Por otro lado, hay quienes dan mayor importancia a cumplir con la palabra dada a los demás que a cumplir con la palabra dada a sí mismos. Si bien es sumamente importante darle valor a la confianza que los demás nos tienen, no es menos significativo la confianza que nos tenemos a nosotros mismos. La palabra debe tener igual firmeza y fuerza cuando estrechamos una mano ajena y cuando nos miramos al espejo. Poder sentirnos de igual modo por dentro y por fuera es una bendición cultivada con mucha dedicación, honradez y transparencia sostenida en el tiempo.
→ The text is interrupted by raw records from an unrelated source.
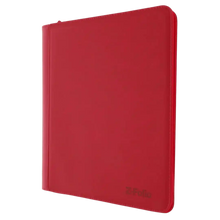 BCW Z-Folio 9-Pocket LX Album - Toploaders - Pick Your Color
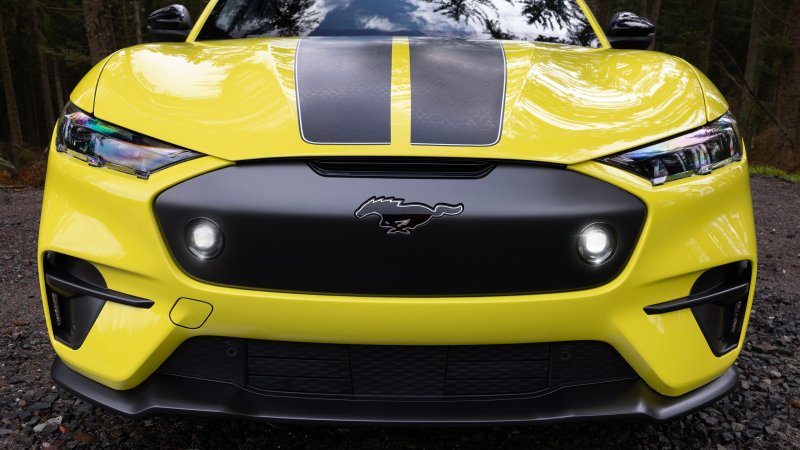 If the Mustang Is Too Good to Go All-Electric, Why Buy a Ford EV?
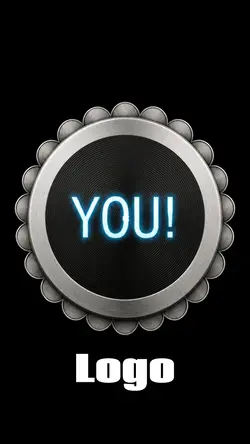 Logo Animation Rund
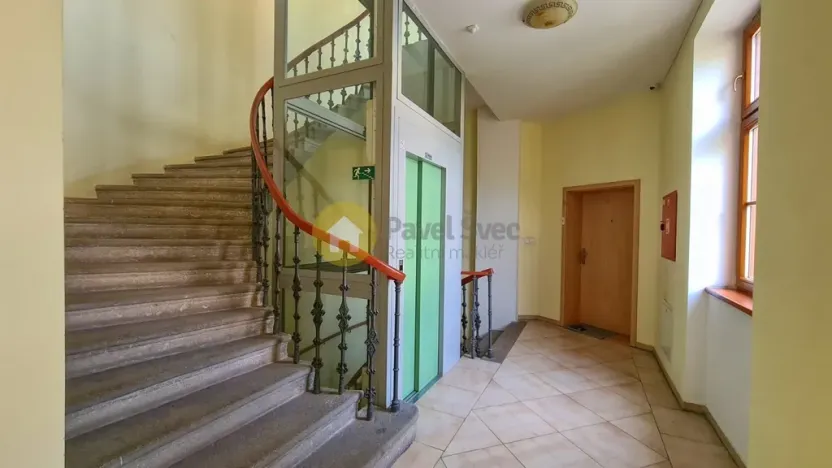 Pronájem bytu 2+kk, České Budějovice - České Budějovice 3, Na Sadech, 72 m2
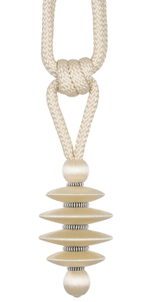 1 TASSEL TIEBACK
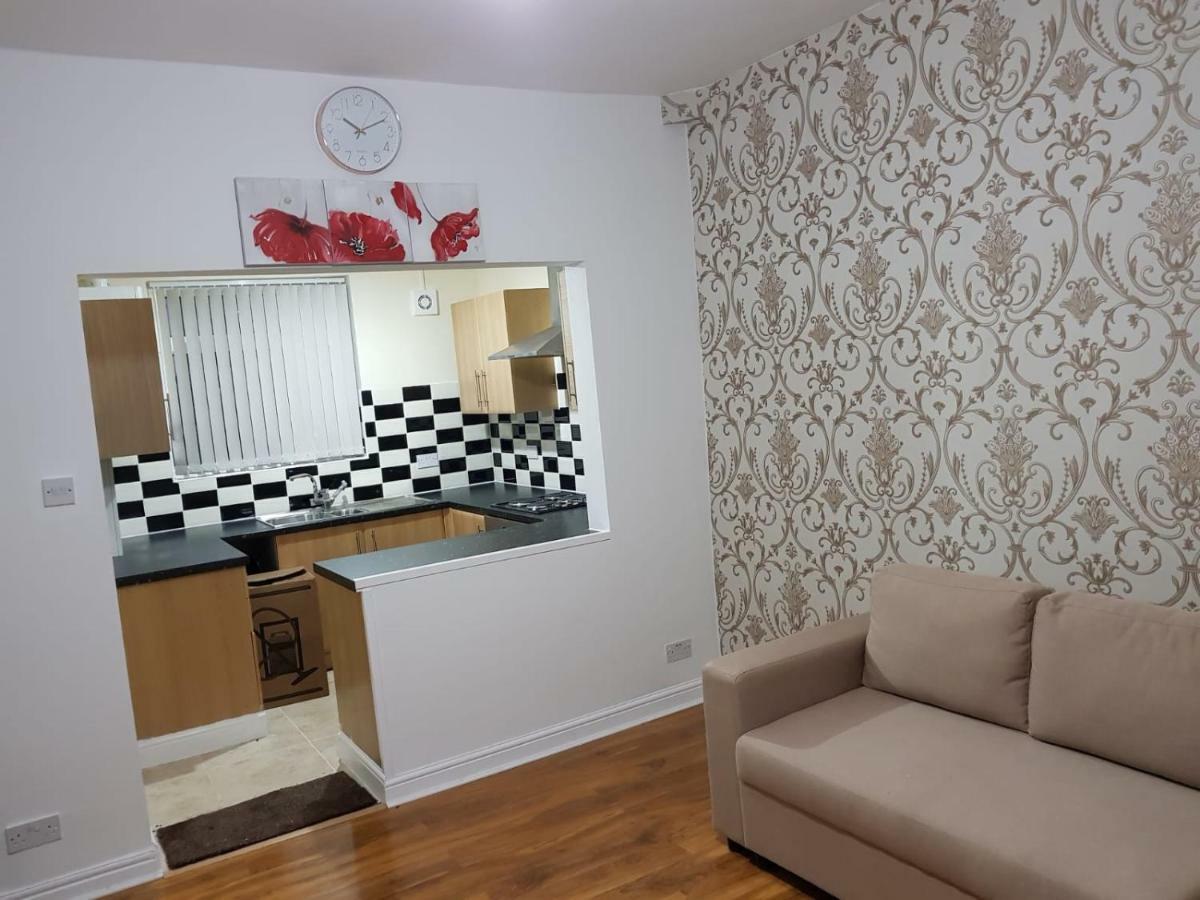 Knutsford House Holidays Manchester Zewnętrze zdjęcie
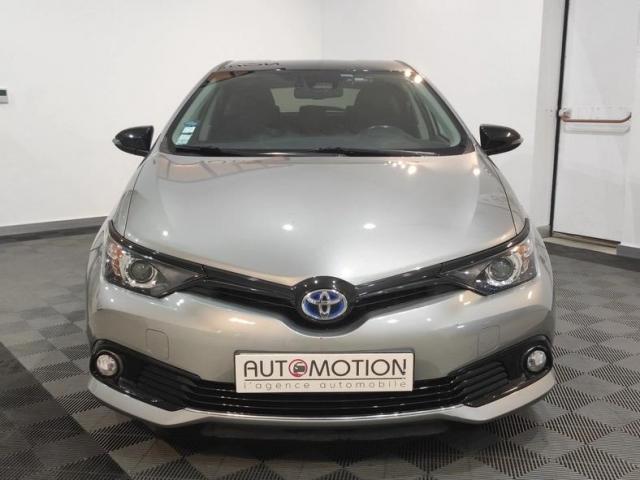 Toyota Auris image 4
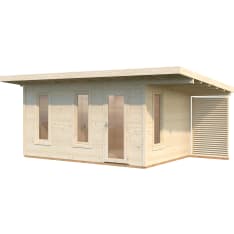 Palmako Grace 12,4m2+4,1m2 vierasmaja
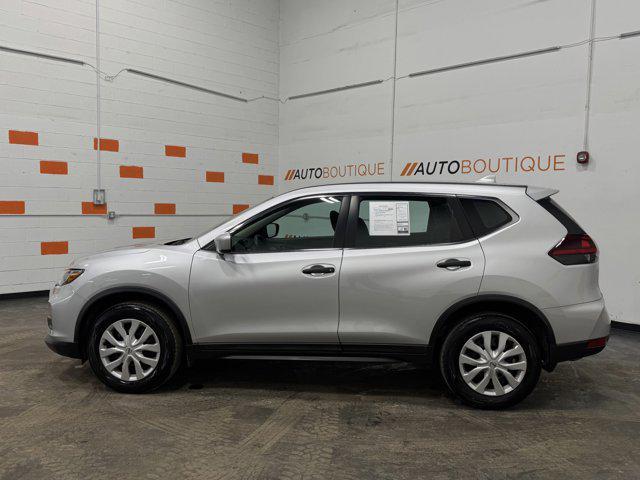 used 2020 Nissan Rogue car, priced at $17,100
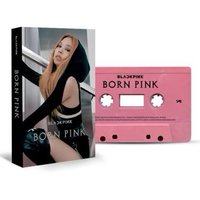 BORN PINK 英區 卡帶 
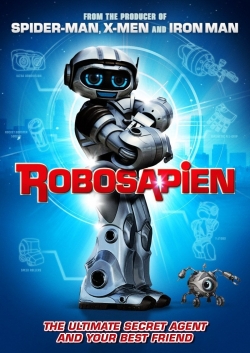 Watch Free Robosapien: Rebooted Full Movies MyFamilyTV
Cumplir la palabra no se reduce a una cuestión moral, es ante todo una ética esencial que nos libera del encarcelamiento en el que a veces caemos por hacernos trampas. Cumplir la palabra descomprime psicológicamente, aliviana cargar, refuerza la autoestima y nos hace sentir personas dignas de todo merecimiento, respeto y valor. Por eso, vigila tus “mentiras piadosas”, tus exageraciones, tus omisiones y tus promesas rotas, pues son ellas las que socaban tu integridad y a la larga te avergüenzan y se vuelven en tu contra. La próxima vez que algo salga de tu boca asegúrate de que vas a poder cumplir con la palabra que estás dando. Cuanto más valor tenga tu palabra, más respeto cultivaras en lo demás y más fortalecida se verá tu autoestima. Nada se compara a los beneficios de ser una persona de palabra. En una sociedad donde la palabra esta tan vapuleada, ser una persona creíble y verosímil ¡cotiza de maravillas! y trae las mejores recompensas en nuestra vida.